They declared: “It is bitterly ironic that at this season of the Passover, commemorating the Jewish people’s freedom from Egyptian tyranny, we are for the first time ever in our beloved United States of America threatened with curtailment of our religious liberty.” This, they said, would be accomplished by the “impairing” of their right to recognize “the uniqueness of the respective roles of men and women.”

The statement was signed by the Rabbinical Alliance of America, the Union of Orthodox Rabbis of the United States and Canada, the Rabbinical Council of the Sephardic Syrian and Near Eastern Jewish Community in America, and the Metropolitan Board of Orthodox Rabbis. They said they and “freedom-loving Americans of other religious persuasions” were “not prepared to see religious rights in America harmed by politicians hurriedly pursuing the latest political fad.”

THREATENS ORTHODOX PRACTICES

In additional comments to the Jewish Telegraphic Agency, Rabbi Abraham Gross, president of the Rabbinical Alliance, and Rabbi David B. Hollander, vice president of the Alliance and president of the Metropolitan Board, said the bill, “in its present language, directly threatens our rights to continue practicing our faith as we have for the past three centuries in America.”

They listed the bar against Orthodox women rabbis and cantors, equal job opportunities in Orthodox synagogues and integrated seating rights in synagogues as being threatened by the amendment. Rabbi Hollander said mixed public rest rooms were “a reasonable possibility” under the amendment, as was the drafting of young Orthodox women into the Armed Forces which “is bound to promote the kind of behavior and attitude to morality inconsistent with Jewish standards.”

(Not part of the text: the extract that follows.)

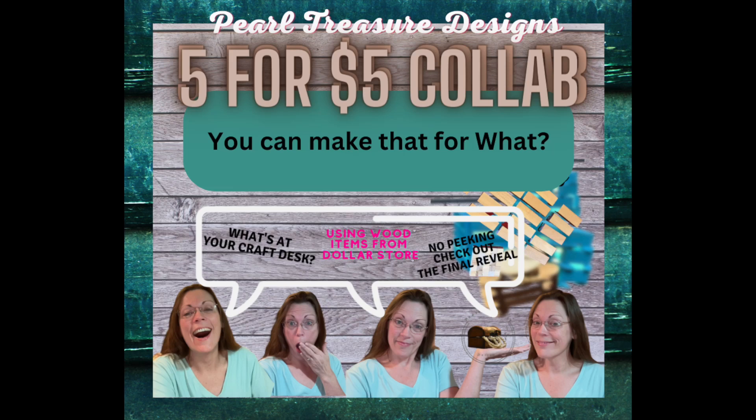Hello, Beth from Pearl Treasure Designs here with your five-for-five collaboration. What can you make? Look at what's at your craft desk — let's get started with our first DIY.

On the synagogue seating issue. Rabbi Hollander said it could be beaten in court, but “we don’t want the litigation.” He said the Orthodox were “100 percent in favor of equal rights,” but added: “We deny that women in America are discriminated against.”

The women’s rights amendment, which significantly broadens the interpretation of women’s job rights and also applies to fringe benefits recently passed both houses of Congress by overwhelming margins, and several of the 38 required State Legislature ratifications have already been recorded. Asked why their “Emergency National Coalition of Rabbis in Defense of Religious Liberties” was formed only today, Rabbi Hollander said: “That shows how inefficient we are. It’s administrative lethargy.”